**Assignment**
As you write out the lines from the one containing "Used 2022 Chrysler 300 Touring RWD image 6" through the last line of the records, keep them exact and leave out pictures.

---

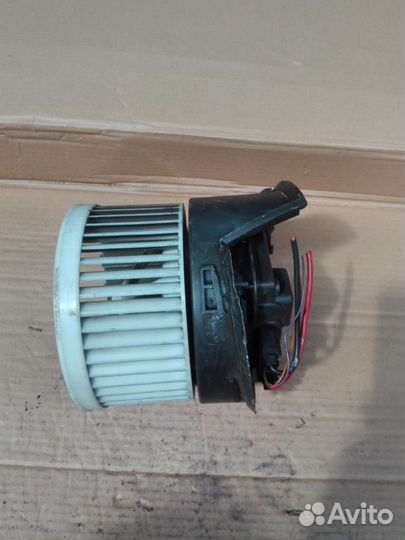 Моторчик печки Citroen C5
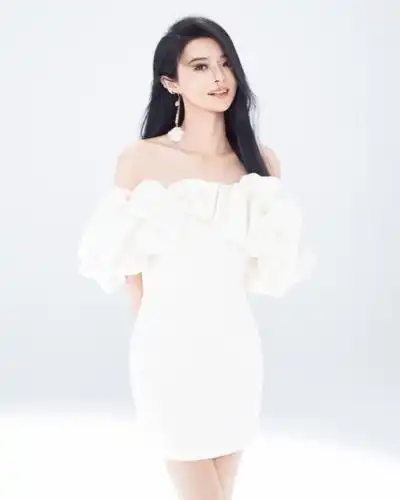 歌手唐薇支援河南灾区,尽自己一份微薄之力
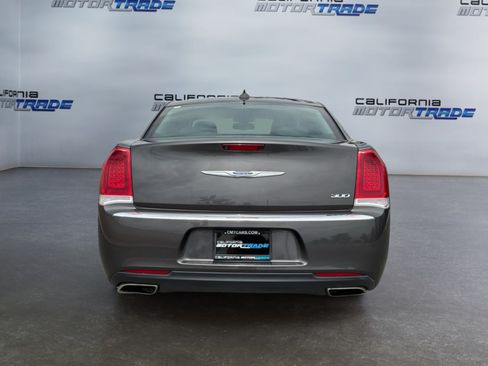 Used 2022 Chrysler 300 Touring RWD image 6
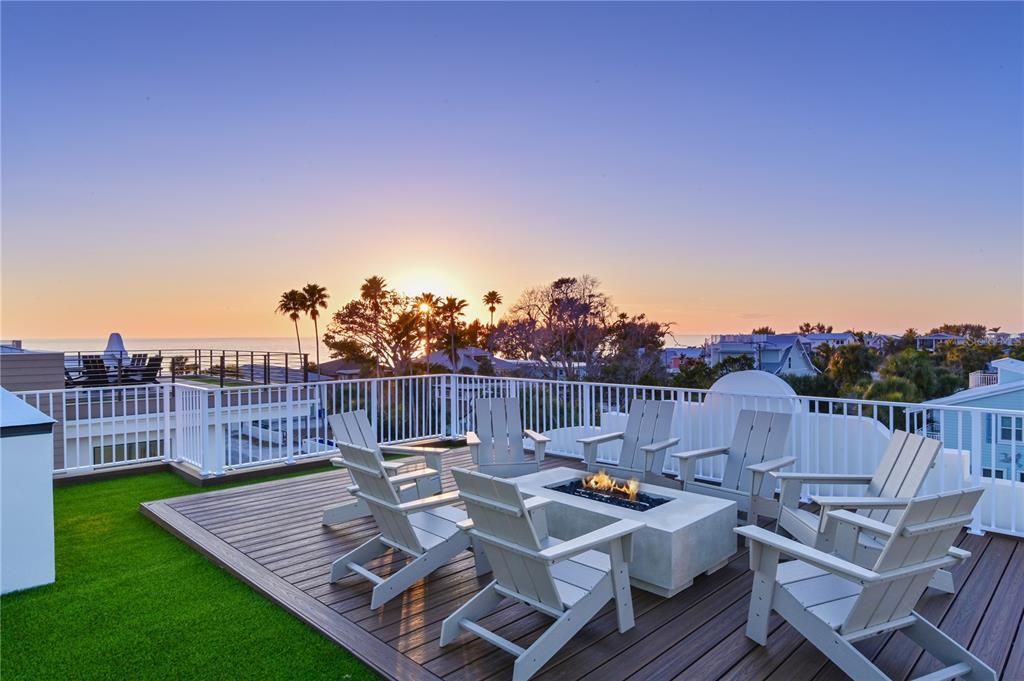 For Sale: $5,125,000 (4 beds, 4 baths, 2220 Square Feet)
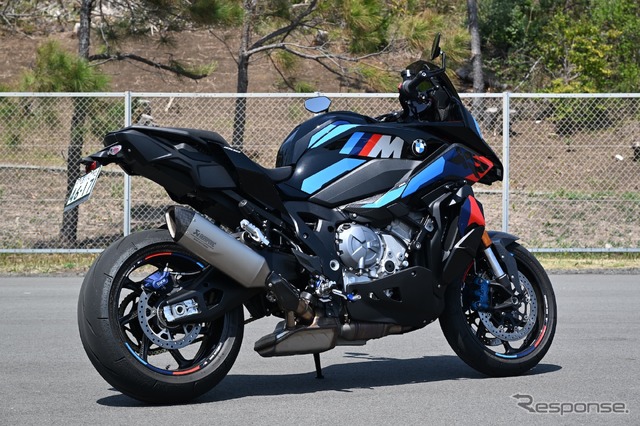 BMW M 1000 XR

---

**Response area**
 Used 2022 Chrysler 300 Touring RWD image 6
 For Sale: $5,125,000 (4 beds, 4 baths, 2220 Square Feet)
 BMW M 1000 XR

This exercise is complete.